Segmental dataset and whole body expression data do not support the hypothesis that non-random movement is an intrinsic property of Drosophila retrogenes
1 Department of Ecology and Evolution, University of Chicago, Chicago, IL 60637, USA
2 Key Laboratory of the Zoological Systematics and Evolution, Institute of Zoology, Chinese Academy of Sciences, Beichen West Road, Chaoyang District, Beijing, 100101, People’s Republic of China
3 Committee on Genetics, Genomics, and Systems Biology, University of Chicago, Chicago, IL, 60637, USA
4 University of Chicago Booth School of Business, Chicago, IL, 60637, USA
5 Center for Evolutionary Medicine and Center for Infectious Diseases and Vaccinology, The Biodesign Institute, Arizona State University, Tempe, AZ, 85287, USA
6 Current address: Departamento de Genética e Biologia Evolutiva, Instituto de Biociências Universidade de São Paulo, São Paulo, SP 05508-090, Brazil
Citation and License
BMC Evolutionary Biology 2012, 12:169 doi:10.1186/1471-2148-12-169Published: 5 September 2012
Several studies in Drosophila have shown excessive movement of retrogenes from the X chromosome to autosomes, and that these genes are frequently expressed in the testis. This phenomenon has led to several hypotheses invoking natural selection as the process driving male-biased genes to the autosomes. Metta and Schlötterer (BMC Evol Biol 2010, 10:114) analyzed a set of retrogenes where the parental gene has been subsequently lost. They assumed that this class of retrogenes replaced the ancestral functions of the parental gene, and reported that these retrogenes, although mostly originating from movement out of the X chromosome, showed female-biased or unbiased expression. These observations led the authors to suggest that selective forces (such as meiotic sex chromosome inactivation and sexual antagonism) were not responsible for the observed pattern of retrogene movement out of the X chromosome.

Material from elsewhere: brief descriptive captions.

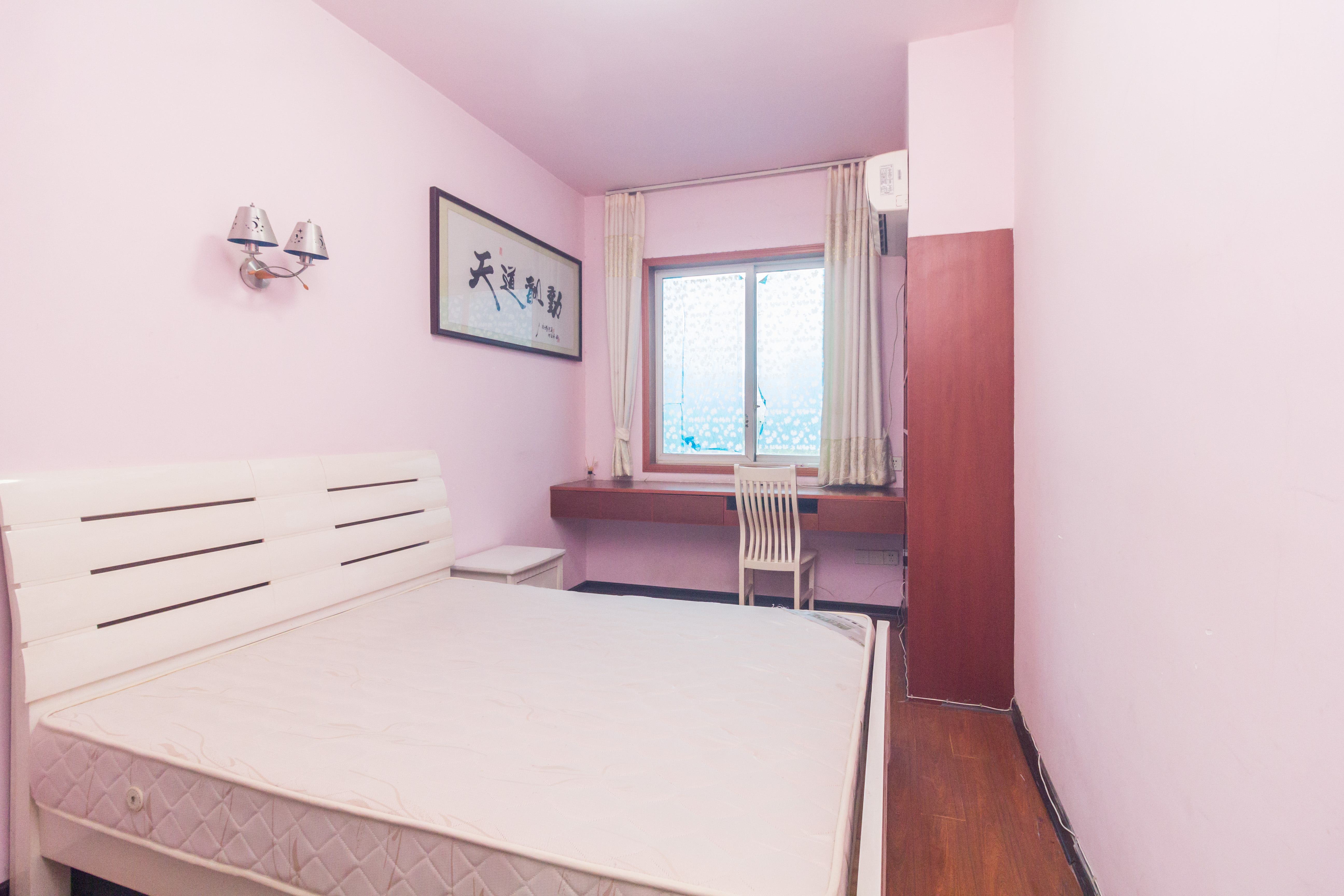 东城名苑 3室2厅2卫 55.00万 东城名苑 3室2厅2卫 55.00万卧室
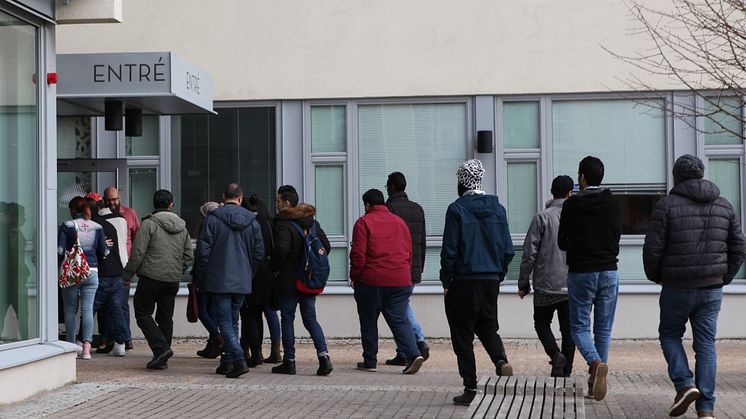 Högskolan slog upp portarna för flyktingar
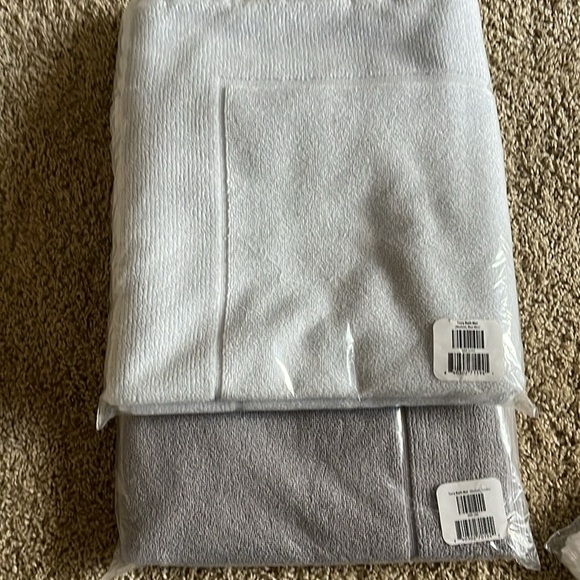 Bath Mat
Includes 1 Bath Mat BM 24”X40” - Picture 3 of 3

We reanalyzed the dataset published by Metta and Schlötterer and found several issues that led us to a different conclusion. In particular, Metta and Schlötterer used a dataset combined with expression data in which significant sex-biased expression is not detectable. First, the authors used a segmental dataset where the genes selected for analysis were less testis-biased in expression than those that were excluded from the study. Second, sex-biased expression was defined by comparing male and female whole-body data and not the expression of these genes in gonadal tissues. This approach significantly reduces the probability of detecting sex-biased expressed genes, which explains why the vast majority of the genes analyzed (parental and retrogenes) were equally expressed in both males and females. Third, the female-biased expression observed by Metta and Schlötterer is mostly found for parental genes located on the X chromosome, which is known to be enriched with genes with female-biased expression. Fourth, using additional gonad expression data, we found that autosomal genes analyzed by Metta and Schlötterer are less up regulated in ovaries and have higher chance to be expressed in meiotic cells of spermatogenesis when compared to X-linked genes.
The criteria used to select retrogenes and the sex-biased expression data based on whole adult flies generated a segmental dataset of female-biased and unbiased expressed genes that was unable to detect the higher propensity of autosomal retrogenes to be expressed in males. Thus, there is no support for the authors’ view that the movement of new retrogenes, which originated from X-linked parental genes, was not driven by selection. Therefore, selection-based genetic models remain the most parsimonious explanations for the observed chromosomal distribution of retrogenes.